Metric What to look for
Pipeline first-attempt pass rate Should climb toward 95%+
Number of quarantined tests Should decrease to zero as tests are fixed or replaced
Pipeline reruns per week Should drop to near zero
Build duration Should decrease as retries are removed
Development cycle time Should decrease as developers stop waiting for reruns
Developer trust survey Ask quarterly: “Do you trust the test suite to catch real problems?” Answers should improve.

4 - Inverted Test Pyramid

Most tests are slow end-to-end or UI tests. Few unit tests. The test suite is slow, brittle, and expensive to maintain.

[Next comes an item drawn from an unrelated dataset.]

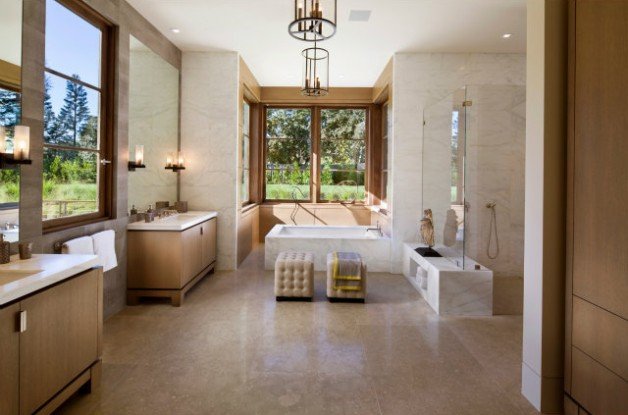 the master bathroom is grand enough for royalty Khám phá bên trong dinh thự 27 triệu USD của người đồng sáng lập Microsoft – Paul Allen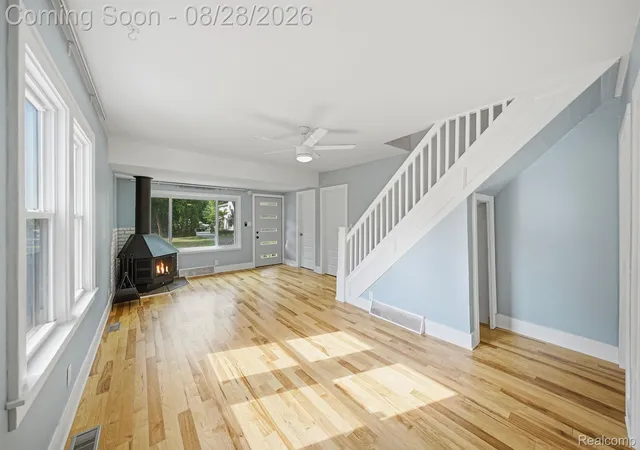 Photo 5 of Single family home for sale at 34004 Kirby St, Farmington Hills City Oakland, MI 48335 | MLS# 20261066873 | Listing updated on 2026-08-30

Category: Testing & Quality | Quality Impact: High

What This Looks Like

The team has tests, but the wrong kind. Running the full suite takes 30 minutes or more. Tests fail randomly. Developers rerun the pipeline and hope for green. When a test fails, the first question is “is that a real failure or a flaky test?” rather than “what did I break?”

Common variations:

  • The ice cream cone. Most testing is manual. Below that, a large suite of end-to-end browser tests. A handful of integration tests. Almost no unit tests. The manual testing takes days, the E2E suite takes hours, and nothing runs fast enough to give developers feedback while they code.
  • The E2E-first approach. The team believes end-to-end tests are “real” tests because they test the “whole system.” Unit tests are dismissed as “not testing anything useful” because they use mocks. The result is a suite of 500 Selenium tests that take 45 minutes and fail 10% of the time.
  • The integration test swamp. Every test boots a real database, calls real services, and depends on shared test environments. Tests are slow because they set up and tear down heavy infrastructure. They are flaky because they depend on network availability and shared mutable state.
  • The UI test obsession. The team writes tests exclusively through the UI layer. Business logic that could be verified in milliseconds with a unit test is instead tested through a full browser automation flow that takes seconds per assertion.
  • The “we have coverage” illusion. Code coverage is high because the E2E tests exercise most code paths. But the tests are so slow and brittle that developers do not run them locally. They push code and wait 40 minutes to learn if it works. If a test fails, they assume it is flaky and rerun.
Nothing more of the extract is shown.